Endocrine Abstracts (2011) 27 OC5.1

Continuous subcutaneous insulin infusion (CSII) at diagnosis

Louise Potts, Rebecca Thompson, Peter Hindmarsh & Kirsty Agostini


University College London Hospitals, London, UK.


The incidence of type 1 diabetes in children under 5 years is increasing. The insulin requirements, eating regimens and reaction to invasive procedures make this group a challenging cohort to manage on multiple daily injections. NICE Guidance was amended in 2008 to include the option of using CSII at diagnosis in the under 5’s.

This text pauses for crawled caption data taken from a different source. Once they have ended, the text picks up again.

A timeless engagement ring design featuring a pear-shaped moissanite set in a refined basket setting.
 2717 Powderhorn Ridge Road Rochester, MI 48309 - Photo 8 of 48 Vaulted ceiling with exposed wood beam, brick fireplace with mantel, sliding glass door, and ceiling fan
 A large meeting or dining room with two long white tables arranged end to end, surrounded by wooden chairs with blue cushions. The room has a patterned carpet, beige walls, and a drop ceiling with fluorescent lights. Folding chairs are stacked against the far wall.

Seven CSII starts at diagnosis have been done (from 2009 to current). CSII is initiated within 72 h from initial diagnosis, following IV insulin, allowing time to discuss treatment options with parents.

We adapted our training programme to allow parents time to adjust to the diagnosis, learn concept of carbohydrate counting, and consider the potential benefits and disadvantages of different insulin regimens. All pump starts have been done in hospital with an average stay of 5 days. Following discharge children and their families are followed up by phone and email – daily for 2 weeks, weekly for 4 weeks before reverting back to routine 3 monthly clinic appointments.

Levels of knowledge and skills of ward staff have an impact on the ability and safety of commencing this treatment at diagnosis. This highlights the need for extra training of ward based nursing and medical staff for this to be a success.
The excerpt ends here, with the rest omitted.